Angesichts der vorliegenden Versuche, einerseits Auseinandersetzungen mit verschiedensten audiovisuell-fundierten Formaten in bestehende Taxonomien aufzunehmen und andererseits Nomenklaturen und Sets an Theoremen fortlaufend zu revidieren und zu ergänzen, können folgende Bereiche als aktuell brisant hervorgehoben werden:

  • ‚verstörendes Erzählen‘: die Auseinandersetzung mit komplexen Formen des Erzählens, mit Phänomenen der Verrätselung, Paradoxie, Ambivalenz usw. (Schlickers/Toro)
  • Zeit: die Auseinandersetzung insbesondere mit Echtzeit, aber auch mit dem Bereich ‚Zeit‘ allgemein (Brössel)
  • ‚Film‘ in der Medienkultur der Gegenwart: die Auseinandersetzung mit diversen Formen audiovisuellen Erzählens über den Spielfilm hinaus, Kurznarrative im World Wide Web, Buchtrailer, Webserien usw. (Kuhn) Dazu zählt auch: die Auseinandersetzung mit dem narrativen Potenzial von Video Games (Hennig)
  • transmediale Storyworlds: die Auseinandersetzung mit dem filmischen Erzählen über einen Einzeltext hinaus (Decker; Thon)
  • Genretheorie: die Auseinandersetzung und Systematisierung von Filmgenres (Kuhn/Scheidgen/Weber)
  • Serialität: die Auseinandersetzung mit Serienformaten (Tetzlaff)
  • historische Filmnarratologie: die Auseinandersetzung mit der Diachronie filmischen Erzählens
  • Intermedialität des Films: die Auseinandersetzung mit ‚anderen‘ Medien im Rahmen filmisch-narrativer Formate (Nies)

 

Das Seminar nimmt sich diesen Bereichen an.

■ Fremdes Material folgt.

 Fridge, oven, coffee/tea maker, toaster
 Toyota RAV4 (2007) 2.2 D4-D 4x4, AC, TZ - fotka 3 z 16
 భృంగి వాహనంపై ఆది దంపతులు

Anhand ausgewählter theoretischer Ansätze, aktueller Forschungspositionen und -richtungen soll zu diesem Zweck auf entsprechende ‚filmische‘ Beispiele eingegangen werden. Das Ziel bestünde darin, sich einen Überblick über der aktuelle Forschungslage zu verschaffen – vielmehr jedoch darin, daran (mittels Einarbeitung, kritischer Beleuchtung und konstruktiver Weiterarbeit) aktiv mitzuwirken.

Teilnehmer beachten bitte die Zugangsvoraussetzungen!